**Prepared and Revised by:** Shakuntala Baichoo

**Module Name:** Programming II (Data structures, algorithms)

**Contact hours** (to be used as a guide)**: **

Theory (40 hours), Practicals (50%), Total (50%)

**LEARNING OBJECTIVES **

The main purpose of this module is to introduce to the students the concepts relating to problem solving through the efficient use of algorithms and subsequent implementation of the algorithm in any language of choice that is suitable to the application area. More specifically, in this module students will:

1. Understand concepts of algorithm analysis

2. Be exposed to the basic searching and sorting algorithms

3. Understand the use of dynamic data structures such as linked lists, trees and graphs

4. Learn about sequence alignment algorithms

5. Be exposed to the different algorithms based on trees and graphs

**SPECIFIC OUTCOMES ADDRESSED **

This module builds on the Programming I module and examines the important data structures for genomic data processing and studies the fundamental techniques in algorithm design and analysis.
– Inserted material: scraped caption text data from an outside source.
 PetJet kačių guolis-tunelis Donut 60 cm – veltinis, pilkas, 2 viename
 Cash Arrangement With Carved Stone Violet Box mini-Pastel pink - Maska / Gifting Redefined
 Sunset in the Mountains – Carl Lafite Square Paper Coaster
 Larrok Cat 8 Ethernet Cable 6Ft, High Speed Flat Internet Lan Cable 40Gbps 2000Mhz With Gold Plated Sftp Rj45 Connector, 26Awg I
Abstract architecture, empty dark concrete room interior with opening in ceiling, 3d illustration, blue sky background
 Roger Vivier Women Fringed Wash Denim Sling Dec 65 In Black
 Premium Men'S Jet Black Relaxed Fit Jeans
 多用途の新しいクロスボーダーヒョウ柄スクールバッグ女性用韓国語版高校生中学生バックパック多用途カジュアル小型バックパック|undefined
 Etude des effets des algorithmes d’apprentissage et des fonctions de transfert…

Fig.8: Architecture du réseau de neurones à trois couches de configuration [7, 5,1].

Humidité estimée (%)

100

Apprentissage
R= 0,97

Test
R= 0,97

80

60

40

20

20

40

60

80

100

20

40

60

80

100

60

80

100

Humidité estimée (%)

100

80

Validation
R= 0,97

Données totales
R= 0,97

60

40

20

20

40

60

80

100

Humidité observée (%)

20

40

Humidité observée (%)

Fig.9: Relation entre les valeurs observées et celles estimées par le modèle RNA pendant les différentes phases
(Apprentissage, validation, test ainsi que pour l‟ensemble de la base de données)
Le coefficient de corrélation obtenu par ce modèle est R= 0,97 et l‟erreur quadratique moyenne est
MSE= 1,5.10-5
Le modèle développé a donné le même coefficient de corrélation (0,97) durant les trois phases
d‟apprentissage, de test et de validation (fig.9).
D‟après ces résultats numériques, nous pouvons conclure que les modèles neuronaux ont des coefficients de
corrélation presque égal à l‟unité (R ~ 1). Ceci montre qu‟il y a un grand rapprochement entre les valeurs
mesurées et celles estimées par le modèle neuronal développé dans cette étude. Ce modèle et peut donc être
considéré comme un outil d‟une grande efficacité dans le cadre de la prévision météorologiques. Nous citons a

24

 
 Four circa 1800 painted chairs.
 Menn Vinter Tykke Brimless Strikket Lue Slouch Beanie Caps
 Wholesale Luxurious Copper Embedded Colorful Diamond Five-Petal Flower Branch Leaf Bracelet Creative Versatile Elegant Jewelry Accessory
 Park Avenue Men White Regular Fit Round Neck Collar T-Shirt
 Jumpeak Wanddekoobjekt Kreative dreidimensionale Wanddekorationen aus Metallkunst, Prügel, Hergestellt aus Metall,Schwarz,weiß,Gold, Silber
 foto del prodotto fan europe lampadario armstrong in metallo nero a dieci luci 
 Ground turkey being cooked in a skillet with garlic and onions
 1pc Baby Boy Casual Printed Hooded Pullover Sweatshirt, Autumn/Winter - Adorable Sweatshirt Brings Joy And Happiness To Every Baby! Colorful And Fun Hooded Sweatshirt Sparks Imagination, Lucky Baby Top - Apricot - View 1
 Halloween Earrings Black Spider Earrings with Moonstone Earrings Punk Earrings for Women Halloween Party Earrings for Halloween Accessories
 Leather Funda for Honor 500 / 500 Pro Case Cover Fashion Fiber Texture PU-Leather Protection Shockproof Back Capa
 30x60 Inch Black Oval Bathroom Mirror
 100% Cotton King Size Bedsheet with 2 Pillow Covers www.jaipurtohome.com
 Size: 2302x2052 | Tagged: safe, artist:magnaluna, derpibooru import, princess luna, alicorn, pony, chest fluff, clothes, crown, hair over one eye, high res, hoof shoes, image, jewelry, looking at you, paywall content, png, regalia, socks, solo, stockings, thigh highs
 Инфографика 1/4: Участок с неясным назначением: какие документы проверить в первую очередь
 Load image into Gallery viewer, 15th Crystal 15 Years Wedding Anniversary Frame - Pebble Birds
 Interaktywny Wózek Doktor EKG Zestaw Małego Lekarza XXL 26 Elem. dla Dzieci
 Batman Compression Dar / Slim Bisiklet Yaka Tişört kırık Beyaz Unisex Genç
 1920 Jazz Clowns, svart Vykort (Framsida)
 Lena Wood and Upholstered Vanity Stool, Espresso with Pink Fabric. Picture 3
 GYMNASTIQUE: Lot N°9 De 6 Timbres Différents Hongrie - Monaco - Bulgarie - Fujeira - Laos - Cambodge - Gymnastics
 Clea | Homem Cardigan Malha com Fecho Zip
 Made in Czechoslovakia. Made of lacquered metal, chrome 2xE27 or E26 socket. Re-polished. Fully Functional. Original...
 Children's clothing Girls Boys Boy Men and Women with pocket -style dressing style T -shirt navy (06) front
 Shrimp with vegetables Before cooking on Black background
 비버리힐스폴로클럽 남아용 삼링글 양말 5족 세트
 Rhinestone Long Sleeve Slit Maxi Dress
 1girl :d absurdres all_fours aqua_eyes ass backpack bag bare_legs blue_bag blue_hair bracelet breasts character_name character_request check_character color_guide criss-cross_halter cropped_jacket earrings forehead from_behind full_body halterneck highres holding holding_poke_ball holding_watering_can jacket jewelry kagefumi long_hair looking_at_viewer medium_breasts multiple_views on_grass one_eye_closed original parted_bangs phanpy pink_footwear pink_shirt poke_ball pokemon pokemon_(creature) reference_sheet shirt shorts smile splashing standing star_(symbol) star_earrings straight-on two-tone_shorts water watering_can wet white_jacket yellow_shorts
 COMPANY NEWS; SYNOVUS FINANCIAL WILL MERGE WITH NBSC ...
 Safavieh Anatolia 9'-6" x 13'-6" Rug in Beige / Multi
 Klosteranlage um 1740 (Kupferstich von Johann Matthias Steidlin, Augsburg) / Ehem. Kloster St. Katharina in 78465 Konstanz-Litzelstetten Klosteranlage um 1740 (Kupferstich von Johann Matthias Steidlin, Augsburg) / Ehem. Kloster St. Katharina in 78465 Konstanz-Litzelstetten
Upon completion of this module students should be able to:

1. Perform asymptotic analysis of algorithms

2. Write programs to manipulate simple data structures such as arrays and lists

3. Understand the importance of advanced data structures such as red-black and 2-3-4 trees and graph

4. Understand the different algorithm design paradigms including dynamic programming and backtracking

5. Develop and use the pairwise sequence alignment algorithms

6. Understand the basic sorting and searching algorithms

7. Write programs dealing with graph algorithms

8. Write programs using Suffix-tree data structures

9. Use string matching algorithms for specific bioinformatics problems

**BACKGROUND KNOWLEDGE REQUIRED**

**H3ABioNet bioinformatics modules as pre-requisites:** Programming I

**Additional:** very proficient in at least one programming language.

**BOOKS & OTHER SOURCES USED**

1. Sung W.K., Algorithms in Bioinformatics – A practical introduction (2010), ISBN: 978-1-4200-7033-0

2. Jones N. C., Pevzner P. A., An Introduction to Bioinformatics Algorithms (Computational Molecular Biology) (2000), ISBN-13: 978-0262101066

**COURSE CONTENT **

**A) Theory lectures** (hour allocations include practical time)

1. Overview of data Structures and algorithm design paradigms (3 hour(s))

2. Algorithm complexity analysis (Using Big-Oh notation) and recurrence relations (3 hour(s))

3. Multi-dimensional arrays and Sorting Algorithms including MergeSort and Insertion Sort (8 hour(s))

4. Dynamic programming and pairwise sequence alignment algorithms (8 hour(s))

5. Binary Search Trees and Red-black trees (5 hour(s))

6. Suffix trees and its application to Bioinformatics (5 hour(s))

7. Graph data structures and Graph algorithms and their application to sequence assembly (5 hour(s))

8. String searching algorithms and their application to the motif finding problem (3 hours)

**B) Practical component **

The goal of this module is to inculcate a solid basis for the data structures and algorithms required necessary in processing bioinformatics data. Throughout the course, students will be required to test the concepts through relevant computational problems using the Python programming language. This section “practical component” follows the same structure as the previous section “Theory lectures”: practicals just aim at having the students manipulate the concepts seen in the lectures, right after they were introduced to them.

**ASSESSMENT ACTIVITIES AND THEIR WEIGHTS**

Class Exercises: 5%

2 Written Tests: 30%

Practical Assignment: 15%*

Final Written Exam: 50%

*our advice is not to make each and every practical for marks, not to put too much counter-productive stress on the students. Practicals are privileged moments when students have the opportunity to understand the concepts as they put them into play.